Beiler, I. R. (2021). Marked or unmarked translanguaging in accelerated, mainstream, and sheltered English classrooms. Multilingua, 4o(1), 107-138. https://doi.org/10.1515/multi-2020-0022

Translanguaging, or use of the whole language repertoire to teach and learn, is a useful thing; however, if translanguaging supporters do not consider factors like language majority and minority groups in a particular class, what people think of different languages in that setting, and “translanguaging in relation to participants, contexts, and resources” (p. 108), they might end up celebrating linguistic hybridity divorced from social justice (Jaspers, 2018; Kubota, 2016). To avoid this, Beiler argues that we need to distinguish socially marked and unmarked language practices.

Unmarked language practices are so taken-for-granted that they go unnoticed.
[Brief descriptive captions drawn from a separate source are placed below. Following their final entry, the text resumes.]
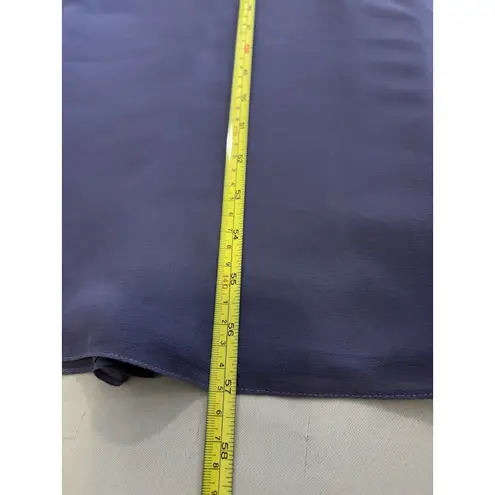 Bill Levkoff Maxi Gown 6 Purple Haze High Neck Bridesmaid Evening wear Formal - Image 10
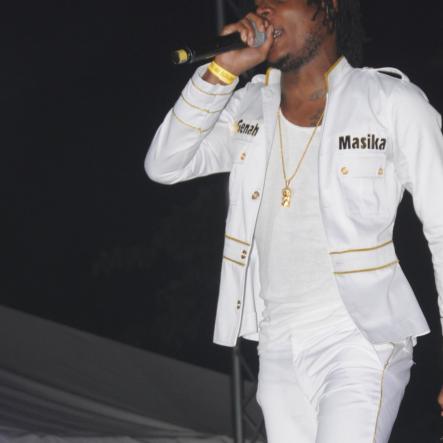 Reggae Sumfest 2016 - Dancehall Night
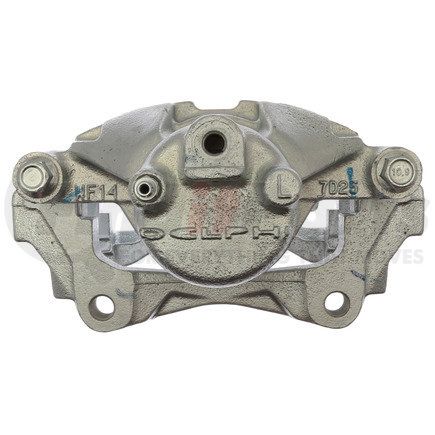 Raybestos FRC11773N Brake Parts Inc Raybestos Element3 New Semi-Loaded Disc Brake Caliper and Bracket Assembly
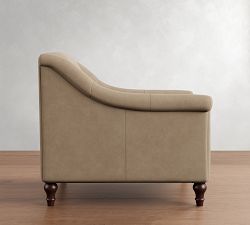 Josie Leather Chair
For example, we might not often notice translanguaging between racialized or working-class dialects of English as translanguaging (Flores & Rosa, 2015; Rosiers, Van Lancker, & Delarue, 2018). If you are doing a study on translanguaging—in which case, you are 99.9% likely to be a supporter of translanguaging—you tend to focus on what is so obviously mixing of two or more languages as evidence of translanguaging’s positive effects. In contrast, marked language practices go noticed, and they prompt “renegotiation of identities and relationships” (p. 111). Such noticing is evident in people’s remarks, gestures, and prosodic features of their speech (tone, pace), which give clues about discourses, beliefs, and attitudes about language use in that setting.
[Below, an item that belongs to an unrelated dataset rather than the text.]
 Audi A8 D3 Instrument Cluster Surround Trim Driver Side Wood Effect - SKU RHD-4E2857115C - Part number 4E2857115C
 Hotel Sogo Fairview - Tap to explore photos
Flores and Rosa (2015) explain that marked language practices often point to racial and class inequalities, which position certain languages/dialects as not for public use or belonging in the home, even if they are not devalued outright. In Norway, as in anywhere else, immigrant languages like Hebrew, racialized national minority languages like Roma, or indigenous languages like Sami tend to be positioned in this way. In contrast, while English has no official legal status, it is so widely used in academic and professional domains that Norway is becoming more like an ESL rather than an EFL setting (p. 113).

If you are an immigrant student in Norway, there are two languages for you to learn: Norwegian and English. Moreover, EFL teaching often takes place through the medium of Norwegian, so while this leads to plenty of opportunities for bidirectional learning between English and the national language, neither the national curriculum nor your teachers are under any obligation to draw on the other language(s) in your repertoire. This finding was confirmed by Beiler’s (2020) study of two introductory English classes, where the teacher taught bilingually and any multilingual translanguaging appeared in small group interactions and individual writing practices. Although the reason is likely that Norwegian is the language all classroom participants understood to some degree, these practices clearly privilege speakers of Norwegian as a first language (L1).
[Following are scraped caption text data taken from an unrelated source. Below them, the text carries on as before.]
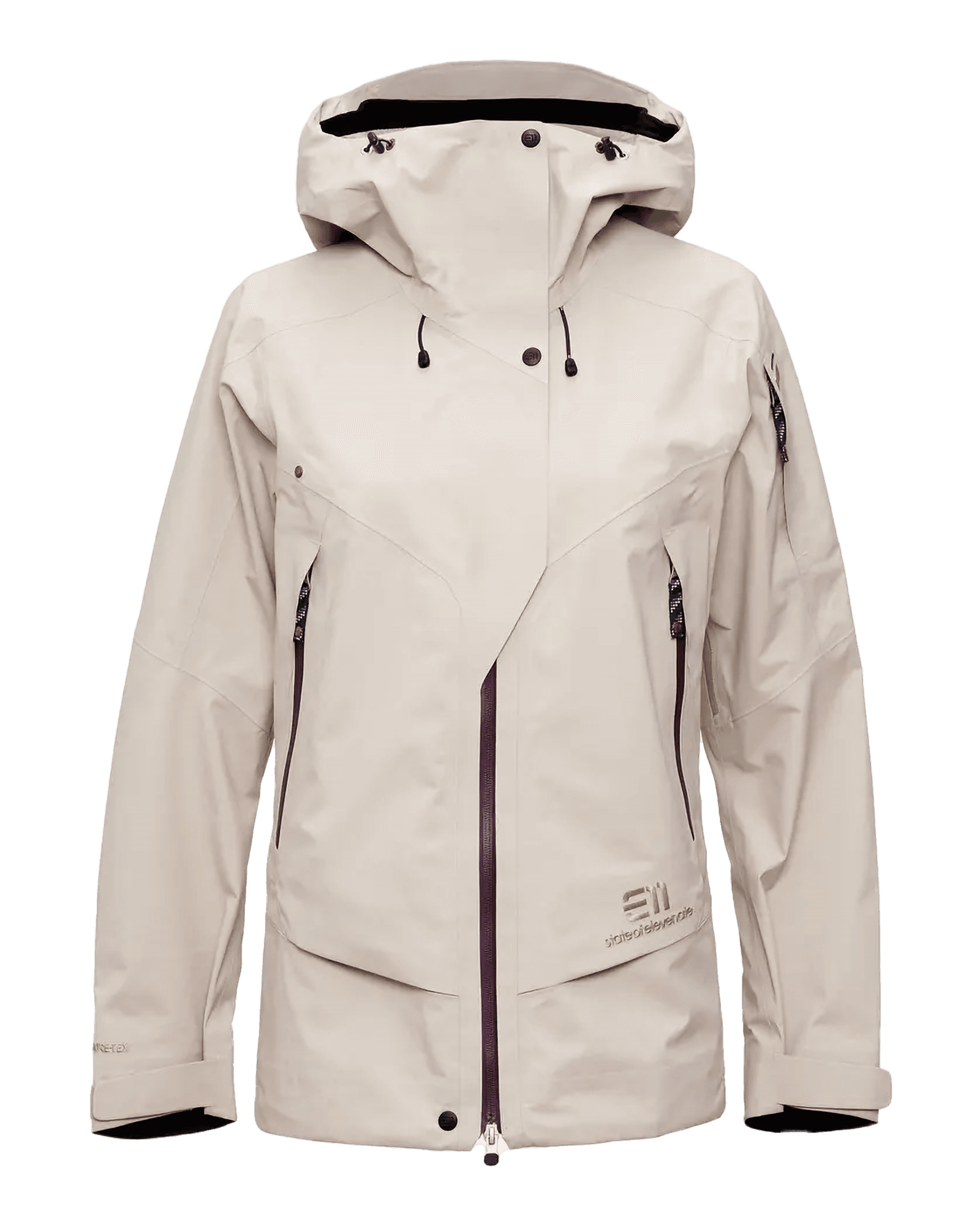 Pure Jacket W 001 Ginger Beige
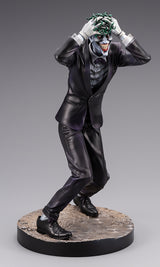 BATMAN: THE KILLING JOKE THE JOKER ”One Bad Day” ARTFX STATUE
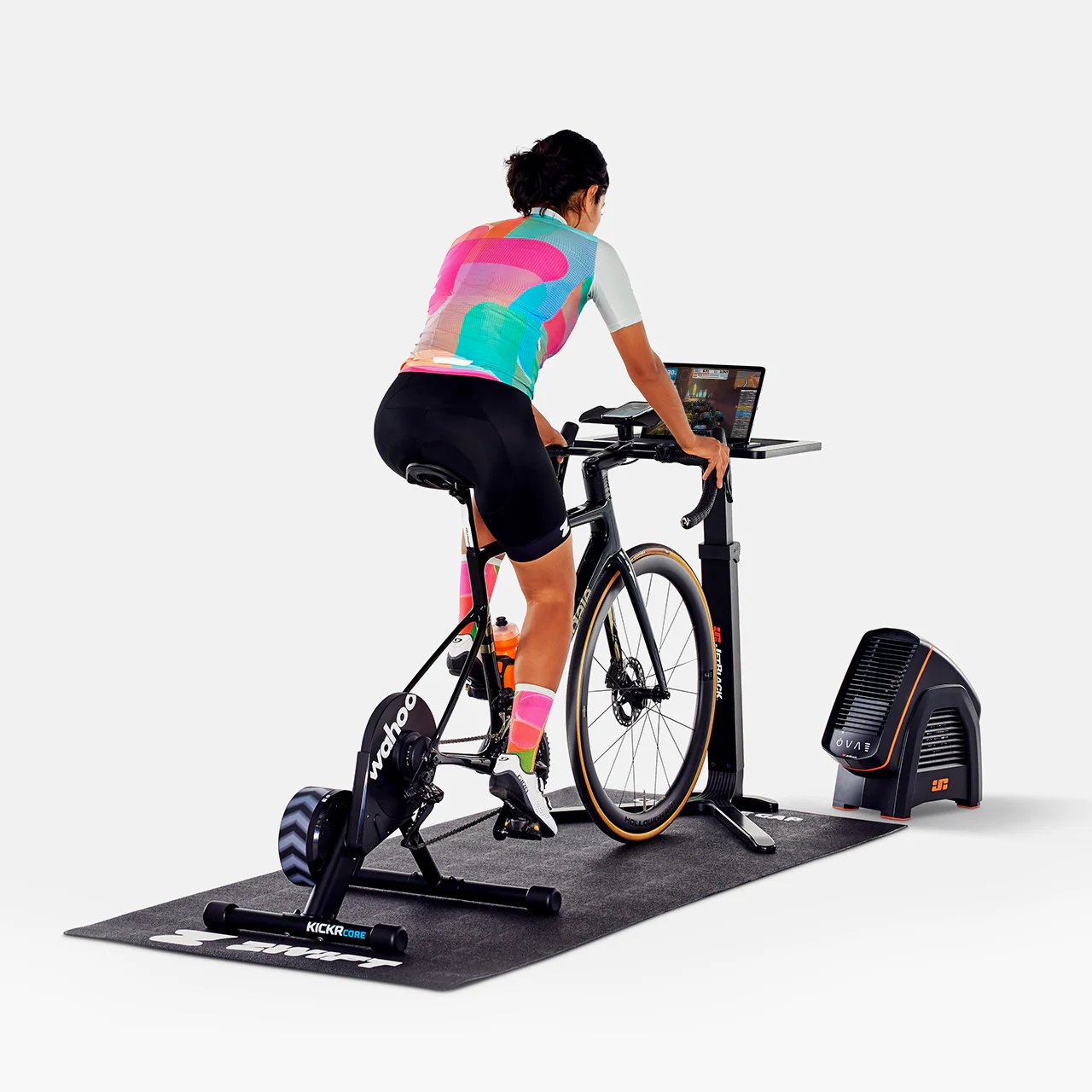 JetBlack Trainer Table - Image 9
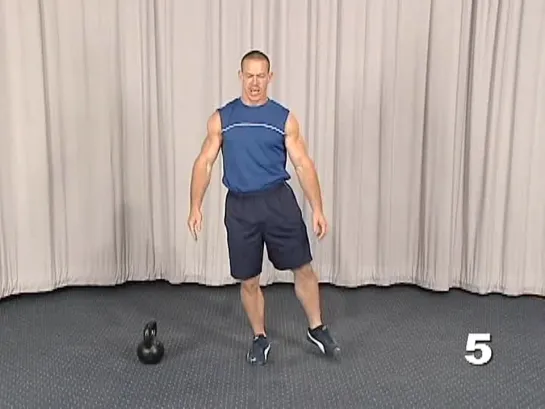 Steve Kotter Kettlebell Lifting 2 Disc 4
In this study, a linguistic ethnography, Beiler collected data for several months in three classes taught by the same teacher to see how interaction patterns differed across each class: (1) a regular gr. 11 English class, (2) an accelerated class for gr. 10 students being taught the gr. 11 English curriculum, and (3) a sheltered class for gr. 11 English repeaters (aged gr. 12/13), many of whom spoke other languages at home apart from English or Norwegian.

Methods

Table 1 shows the class demographics. Note that the sheltered class had the largest proportion (5 out of 6 students) who spoke languages other than Norwegian and English at home, but it also enrolled a visually impaired student who had completed all his other courses and was taking the sheltered EFL class as a way to have more individualized instruction. In the accelerated and mainstream classes, which had 23–25 students, a smaller percentage (17% and 20% of students) were linguistically minoritized. Beiler points out that in the mainstream and accelerated classes, there were also many students not classified as minority language speakers who also spoke minority languages at home, presumably because they were fluent in Norwegian (see Shirin later in this blog post); in other words, “minority language speaker” ends up being a coded term for recent immigrants, rather than an indication of proficiency in a minority language.

Beiler (2021), p. 114

Immigrant students came from a variety of countries in Africa, Asia, Europe, and the Middle East. Some students spoke the indigenous language Sami. Some had taken foreign languages like French, German, or Spanish. “A wide variety of languages were thus represented in all three classes, involving both elite and minoritized multilingualism (Ortega, 2019)” (p. 115). Lars, the teacher of all three classes, spoke Norwegian as L1, was fluent in English, and had studied German at school. Beiler self-describes as a former English teacher and current English teacher educator, “usually perceived as a white bilingual ‘native speaker’ of both English and Norwegian” (p. 116). However, she had moved countries as a teenager and had studied Arabic and French, facts that she foregrounded when interacting with these research participants (p. 116), presumably to identify as an immigrant with a positive attitude towards all types of multilingualism.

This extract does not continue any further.